Failover and Replication Overview
15 January 2021 07:03 PM
Within a MarkLogic deployment, there can be multiple primary and replica objects. Those objects can be forests in a database, databases in a cluster, nodes in a cluster, and even clusters in a deployment. This article walks through several examples to clarify how all these objects hang together.
Shared-disk vs. Local-disk failover
Shared-disk failover requires a shared filesystem visible to all hosts in a cluster, and involves one copy of a data forest, managed by either its primary host, or its failover host (so forest1, assigned to host1, failing over to host2).
Local-disk failover involves two copies of data in a primary and local disk failover replica forest (sometimes referred to as an "LDF"). Primary hosts manage primary forests, and failover hosts manage the corresponding synchronized LDF (forest1 on host1, failing over to replicaForest1 on host2).

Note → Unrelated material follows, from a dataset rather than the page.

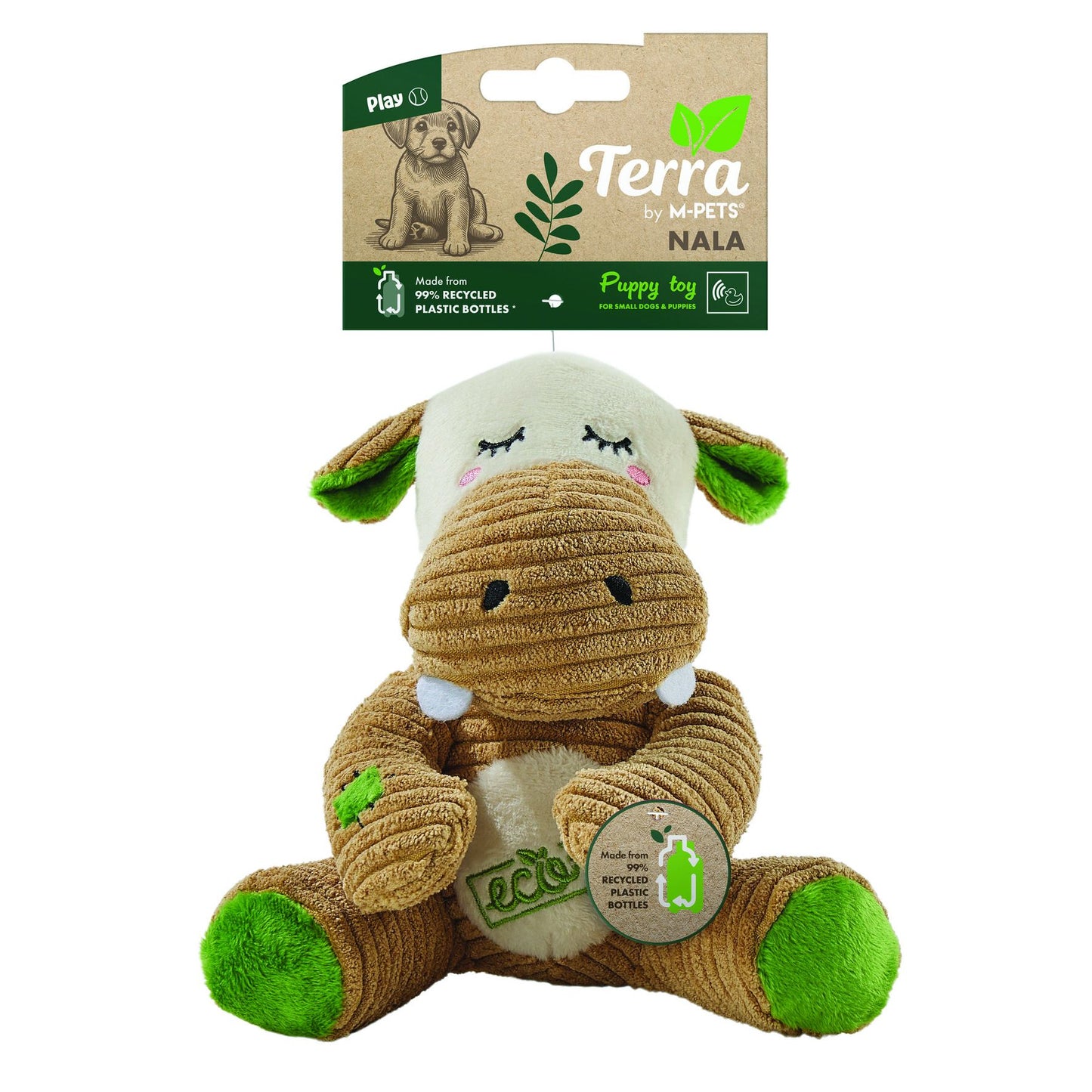 M-Pets Welpenspielzeug Nala,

In the same way that you can have multiple copies of data within a cluster (as seen in local-disk failover), you can also have multiple copies of data across clusters as seen in either database replication or flexible replication. Within a replicated environment you'll often see reference to primary/replica databases or primary/replica clusters. So this will often look like forest1 on host1 in cluster1, replicating to forest1 on host1 in cluster2. We can shorten forest names here to c1.h1.f1 and c2.h1.f1. Note that you can have both local disk failover and database replication going at the same time - so on your primary cluster, you'll have c1.h1.f1, as well as failover forest c1.h2.rf1, and your replica cluster will have c2.h1.f1, as well as its own failover forest c2.h2.rf1. All of these forest copies should be synchronized both within a cluster (c1.h1.f1 synced to c1.h2.rf1) and across clusters (c1.h1.f1 synced to c2.h1.f1).

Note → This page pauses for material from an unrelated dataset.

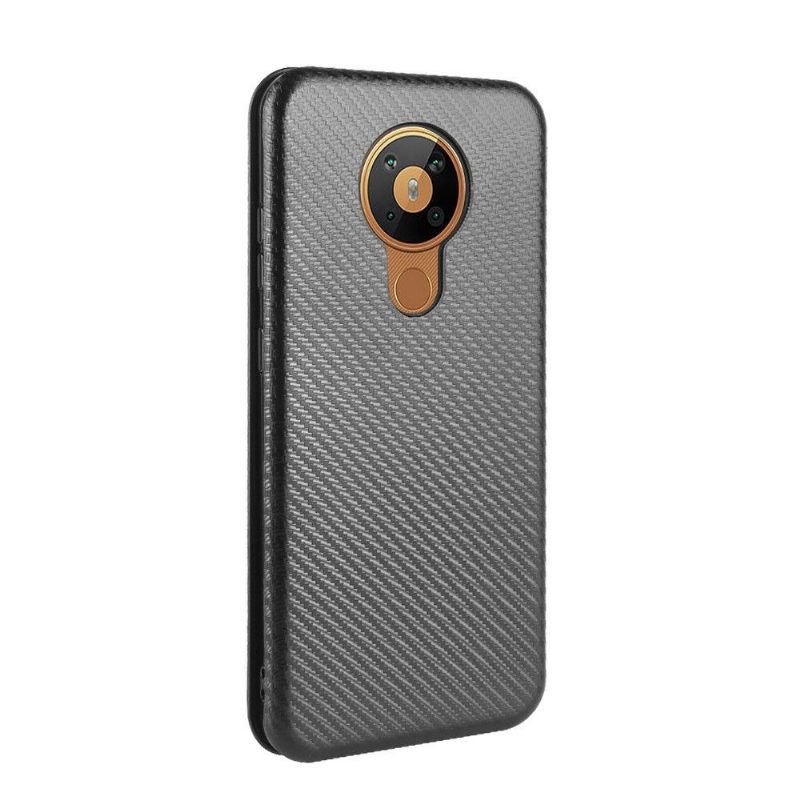 Θήκη Flip Nokia 5.3 Effect Carbon Fiber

Configured/Intended vs. Acting
At this point we've got two clusters, each with at least two nodes, where each node has at least one forest - so four forest copies, total (bear in mind that databases can have dozens or even hundreds of forests - each with their own failover and replication copies). The "configured" or "intended" arrangement is what your deployment looks like by design, when no failover or any other kind of events have occurred that would require one of the other forest copies to serve as the primary forest. Should a failover event occur, c1.h2.rf1 will transition from the intended LDF to the acting primary, and its host c1.h2 will transition from the intended failover host to the acting primary host. At this point, the intended primary forest c1.h1.f1 and its intended primary host c1.h1 will likely both be offline. Failing back is the process of reverting hosts and forests from their acting arrangement (in this case, acting primary forest c1.h2.rf1 and acting primary host c1.h2), back to their intended arrangement (c1.h1.f1 is both intended and acting primary forest, c1.h1 is both intended and acting primary host).
This distinction between intended vs. acting can even occur at the cluster level, where c1 is the intended/acting primary cluster, and c2 is the intended/acting replica cluster. Should something happen to your primary cluster c1, the intended replica cluster c2 will transition to the acting primary cluster while c1 is offline.